You have placed a solid sheet at 42.5cm from each horn antenna. This is in the far field of the antennas, horn antennas which have the low cut-off at about 6.7GHz (lamda = 4.4cm).
To see a difference in S21, use instead of the undefined solid sheet, a solid copper plate with some thickness.
The plate dimensions should be bigger than the distance of 42.5cm.
Also you can place the copper plate not in the middle, but closer to one of the horn antennas.
 

This is not anisotropic setup, so why should S12 and S21 will be different? What metal plate should do to block transmitted signal from both antenna with respect to free space transmission.

- - - Updated - - -

You have placed a solid sheet at 42.5cm from each horn antenna. This is in the far field of the antennas, horn antennas which have the low cut-off at about 6.7GHz (lamda = 4.4cm).
To see a difference in S21, use instead of the undefined solid sheet, a solid copper plate with some thickness.
The plate dimensions should be bigger than the distance of 42.5cm.
Also you can place the copper plate not in the middle, but closer to one of the horn antennas.

Thanks. Understood. But why the thickness should be important, practically a thin metal is enough to block S12 and S21 from antennas. In my opinion thickness should not be very important because all we need to care about skindepth and GHz range which is very low. What I did in Ansys to define this metal as IE region and assign some finite conductivity. It worked.
 

What do you mean thin metal? Your undefined solid sheet doesn't have ANY thickness.
You need a real material with some thickness to be able to see changes in transmissions of radiowaves. Or to define the sheet with finite conductivity (how you mentioned above), but this is a kind of theoretical behavior and not real life one.
 

What do you mean thin metal? Your undefined solid sheet doesn't have ANY thickness.
You need a real material with some thickness to be able to see changes in transmissions of radiowaves. Or to define the sheet with finite conductivity (how you mentioned above), but this is a kind of theoretical behavior and not real life one.

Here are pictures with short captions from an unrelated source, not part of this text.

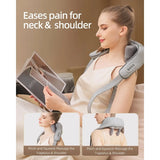 Cordless Neck Shoulder Massager with Heat for Deep Tissue Kneading Relief Enhances Blood Circulation and Eases Muscle Tension I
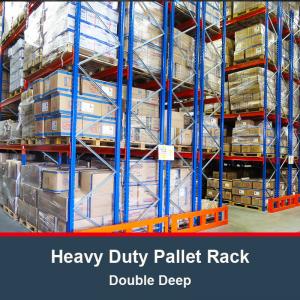 China Double Deep Heavy Duty Pallet Rack Selective Pallet Rack Warehouse Storage Rack on sale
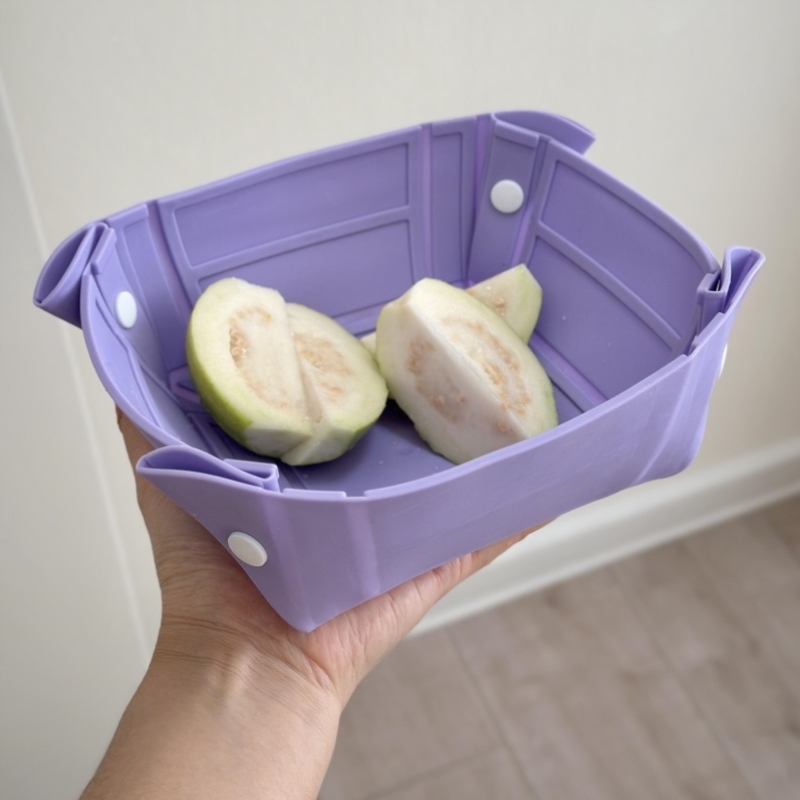 便携碗旅行户外可折叠碗多功能切洗砧板收纳篮便携食品级硅胶果盘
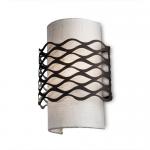 Alsalcia Wall Lamp 21,7x30cm 2xE27 PL E 23w Brown Oxide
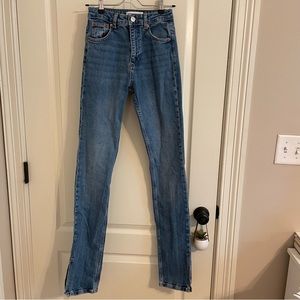 Zara Split Hem Skinny Jeans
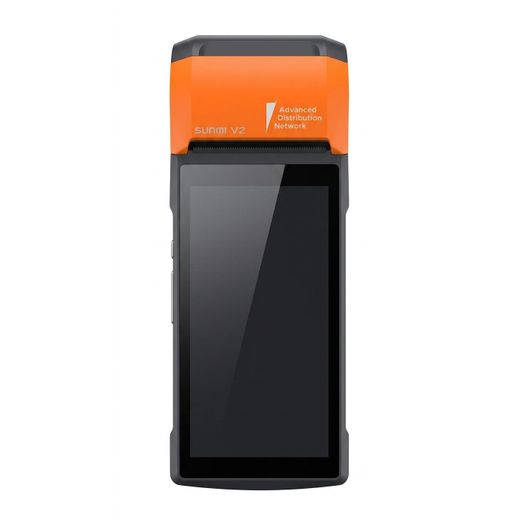Sunmi V2 POS Terminal with Receipt Printer, Speaker, Camera and Barcode Scanner All in One Handheld PDA Printer, Android 7.1 System, Support 4G, WiFi and Bluetooth - T5930 - Black - image 3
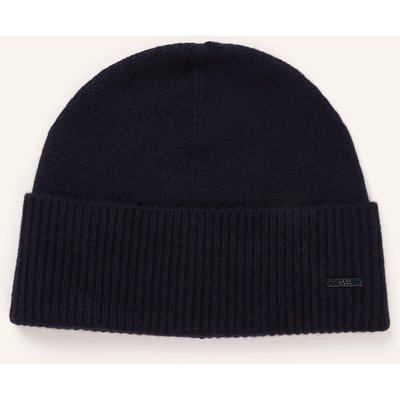 Boss Cashmere-Mütze Honesto blau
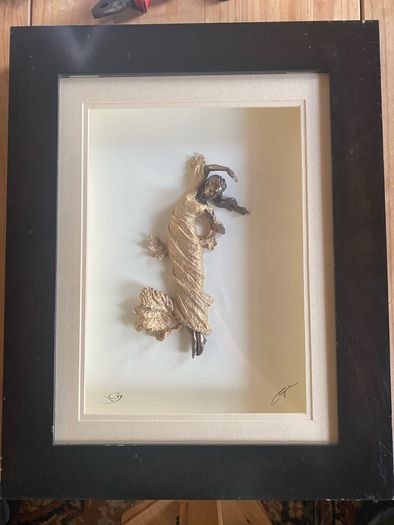 Carl Payne Sculpture Grace Figurine in Frame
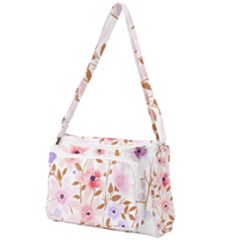 Flowers Watercolor Front Pocket Crossbody Bag by Pakrebo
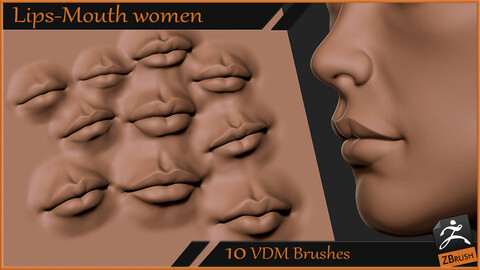 Lips Mouth women VDM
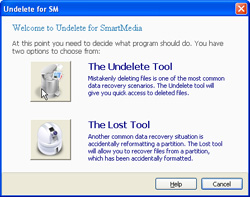 Undelete SmartMedia 1.3 software screenshot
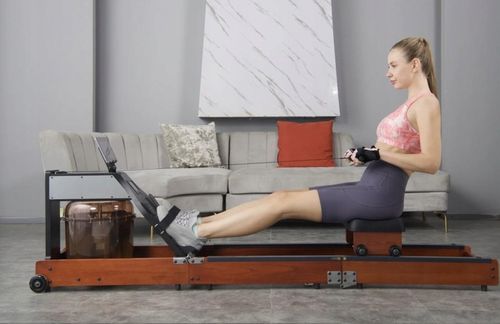 Kingsmith WR1 brązowy wioslarz wodny Bluetooth Fit Android iOS LCD Drewno na Arena.pl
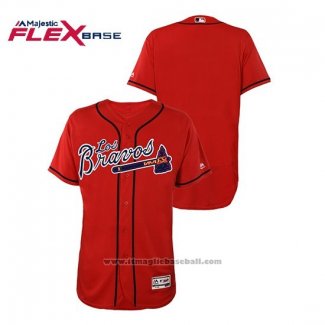 Maglia Baseball Uomo Atlanta Braves Flex Base Rosso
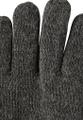 Melierte Strickhandschuhe mit warmen Futter Grau L
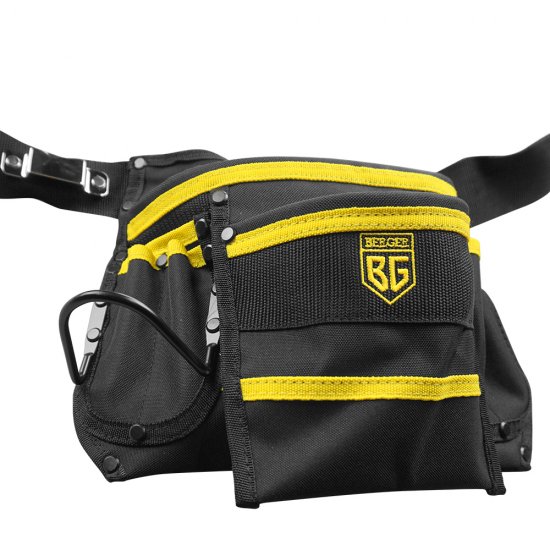 Сумка поясная для инструментов Berger Ленс 8 отделений 305х120х270 мм (BG1197)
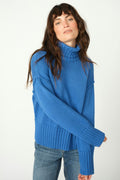 Rola Bine Rollkragenstrick | Blauer Lolite
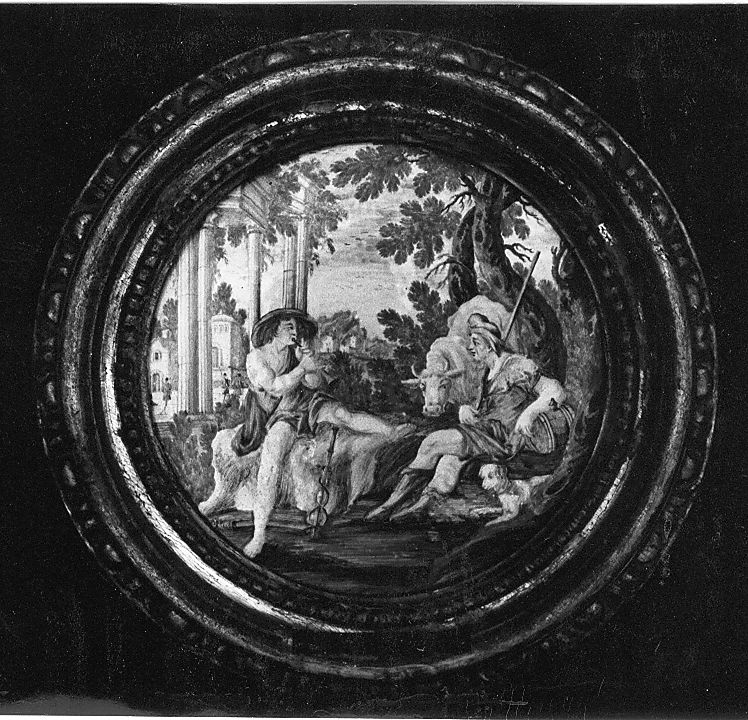 Mercurio (tondo) di Gentili Berardino il Giovane (scuola) (sec. XVIII)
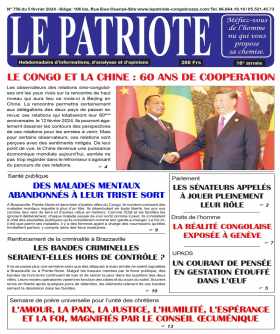 Cover Le Patriote - 756 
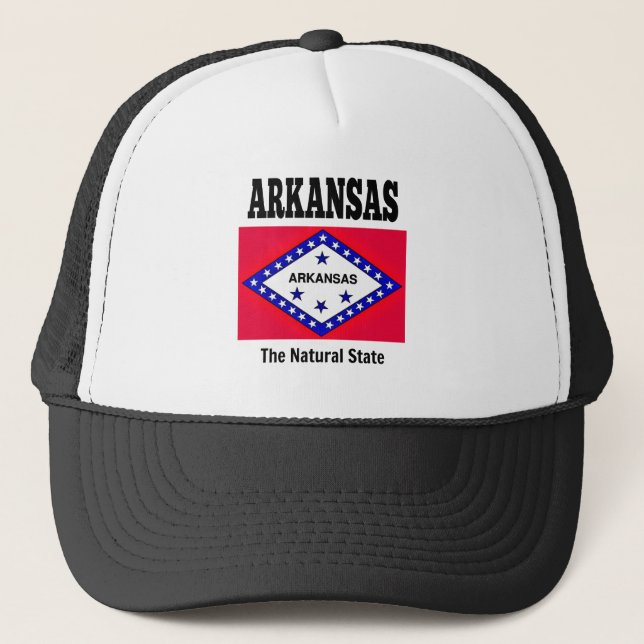 Gorra De Camionero Bandera de Arkansas (Anverso)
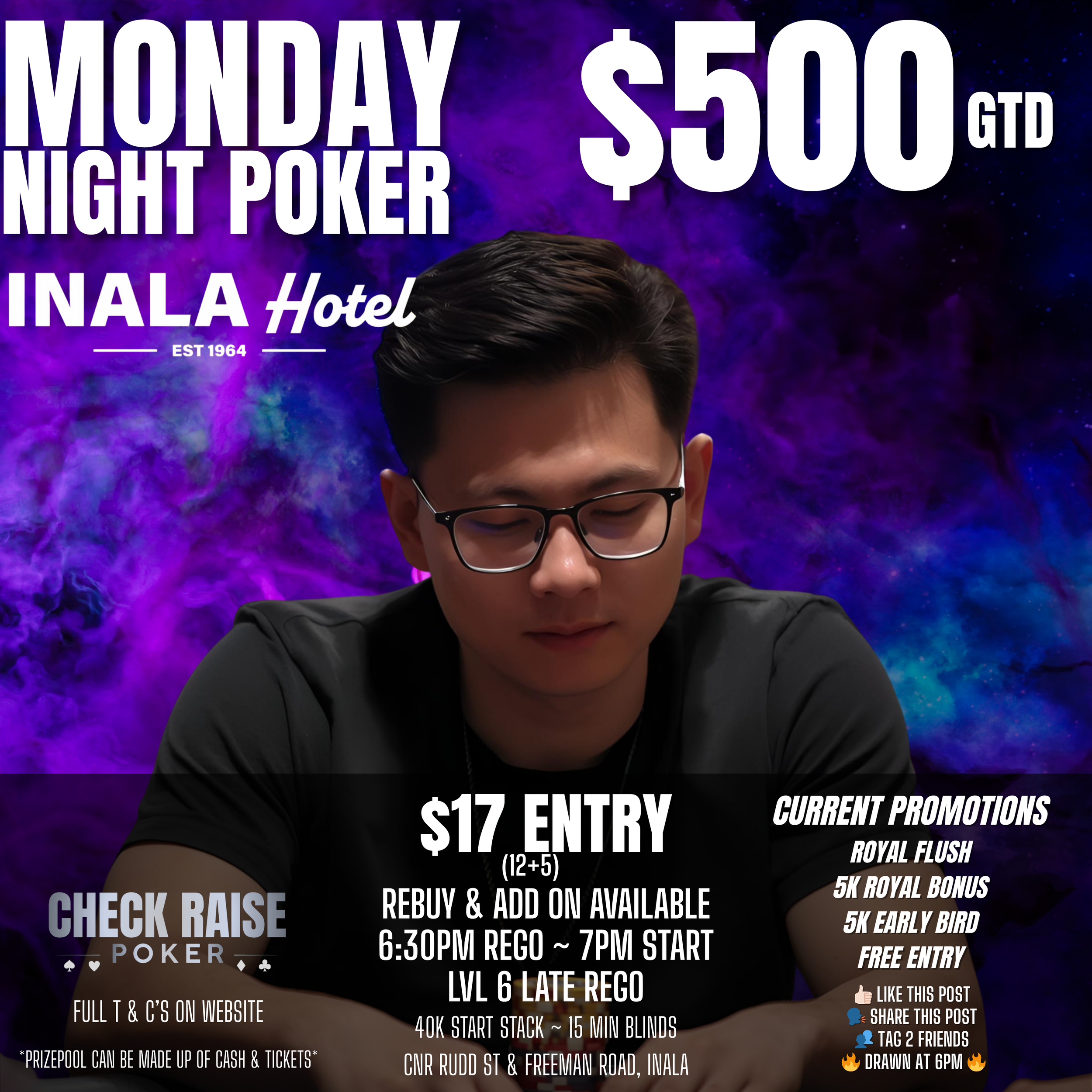 Weekly Poker Events — CHECK RAISE POKER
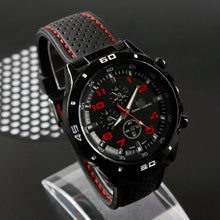 Load image into Gallery viewer, Fashion Men Silicone Bracelet Sports Quartz Watch Wrist Watches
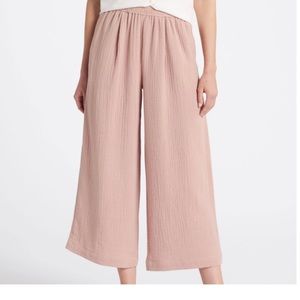 Madewell crop wide leg pants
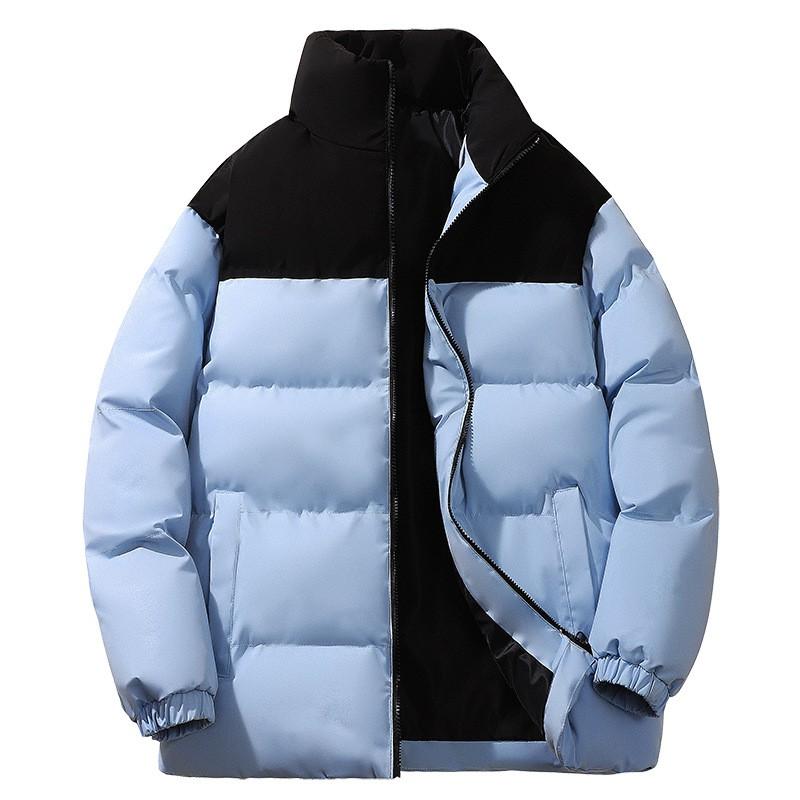 Unisex Winter Warm Windproof Water-Resistant Puffer Jacket With Stand Collar Outdoor Sports Casual Wear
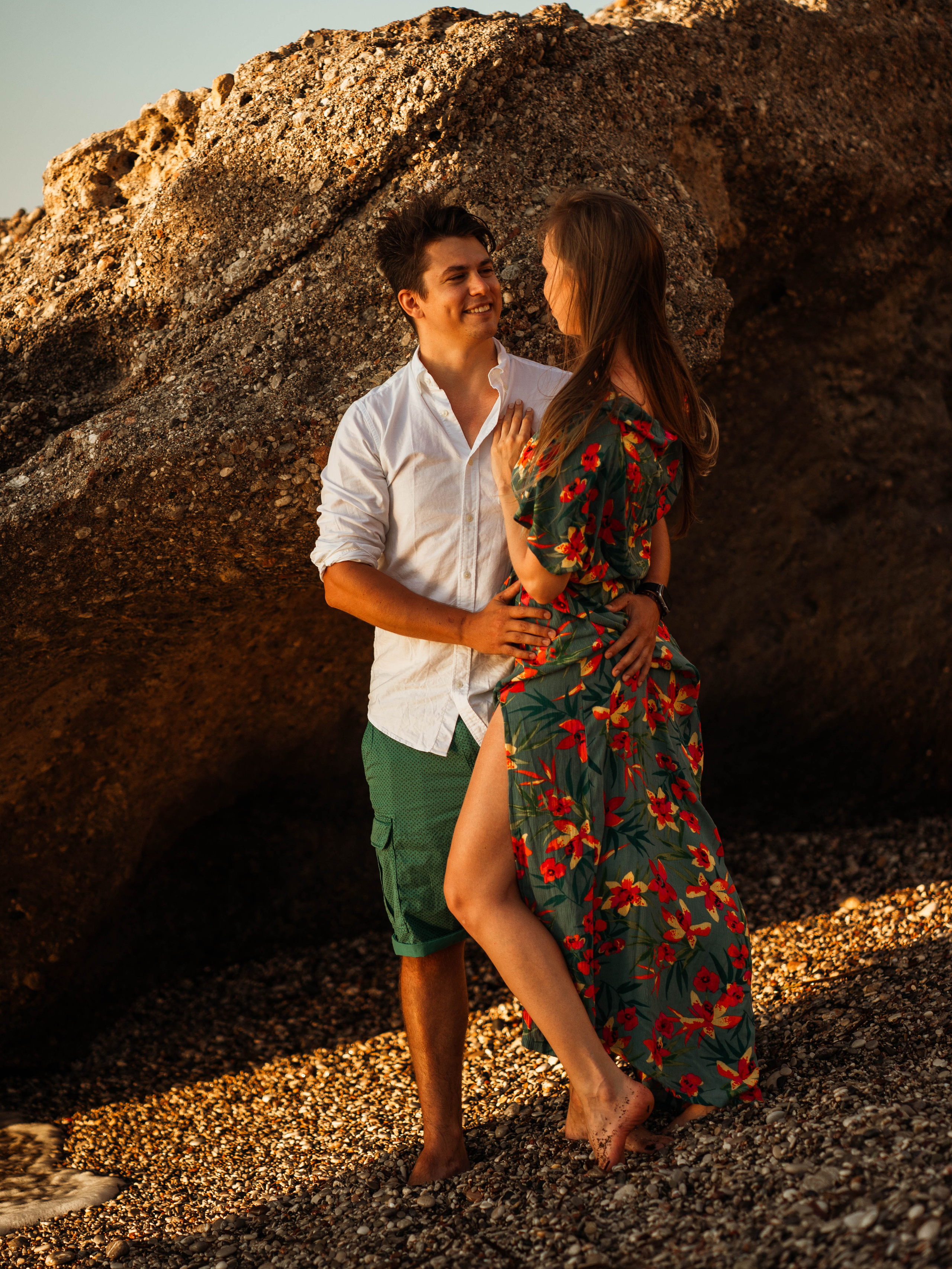 Laura and Tom. Photographer at Santorini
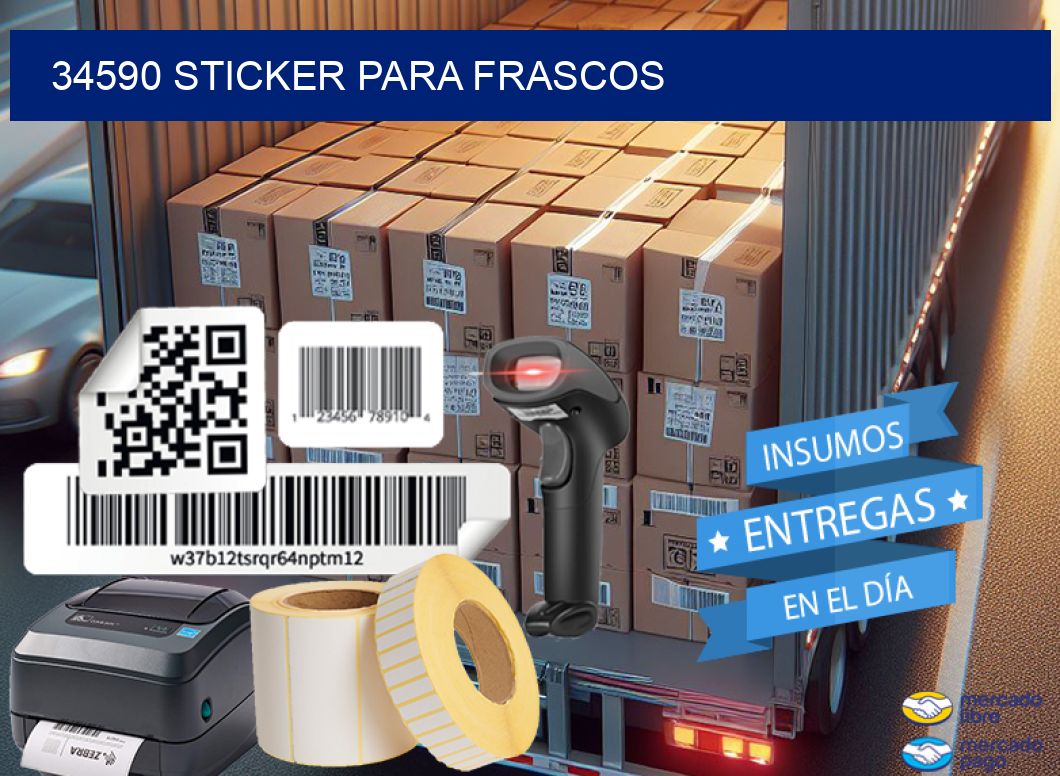 34590 STICKER PARA FRASCOS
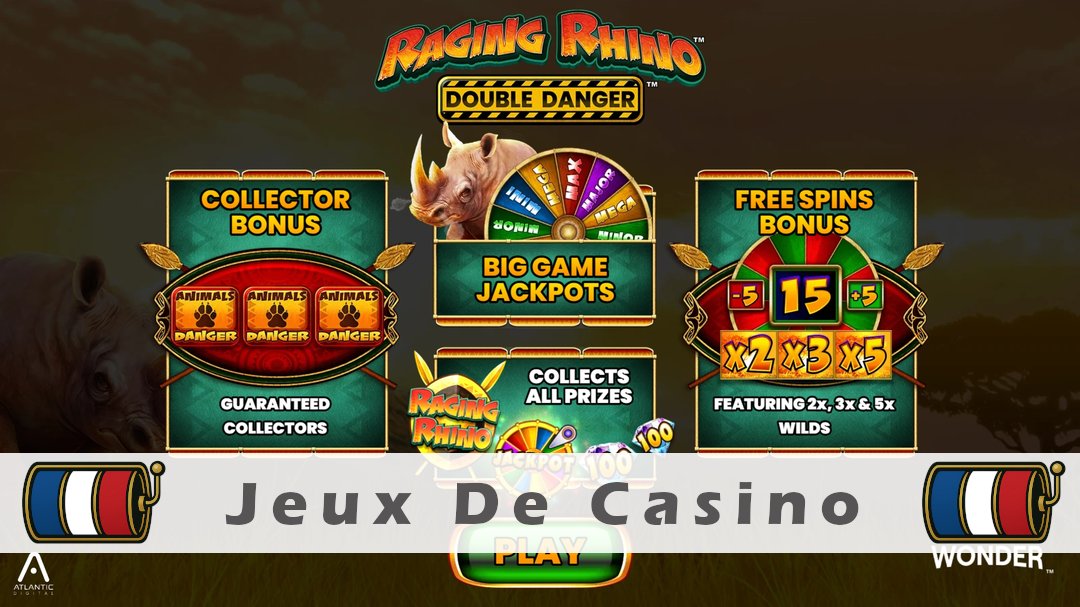 Démo de la machine à sous Raging Rhino Double Danger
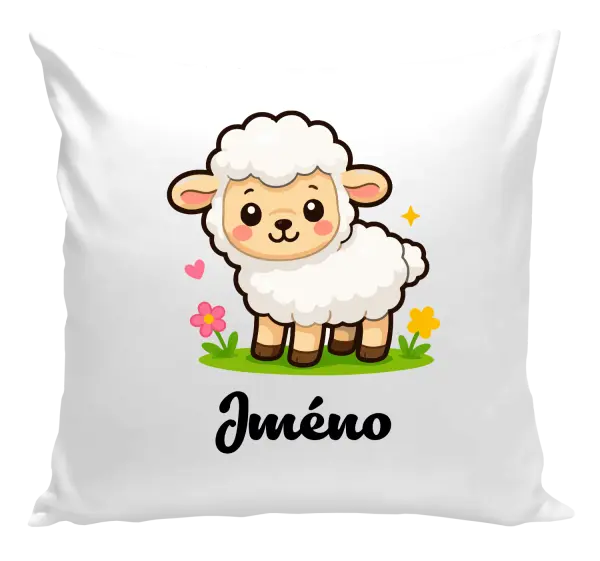 Polštář Ovečka se jménem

I define sheet with finite conductivity and assign IE region for that.
 

I define sheet with finite conductivity and assign IE region for that.

I think your sheet does not cover the whole main lobe of your antenna pattern. It may sound cheeky but try using a bigger plate with thickness enough to attenuate it enough.

And are you doing this in an anechoic chamber?
 

Thanks @ktr
Yes, for practical measurement, I am using anechoic chamber and I am trying to simulate the same setup in HFSS as well.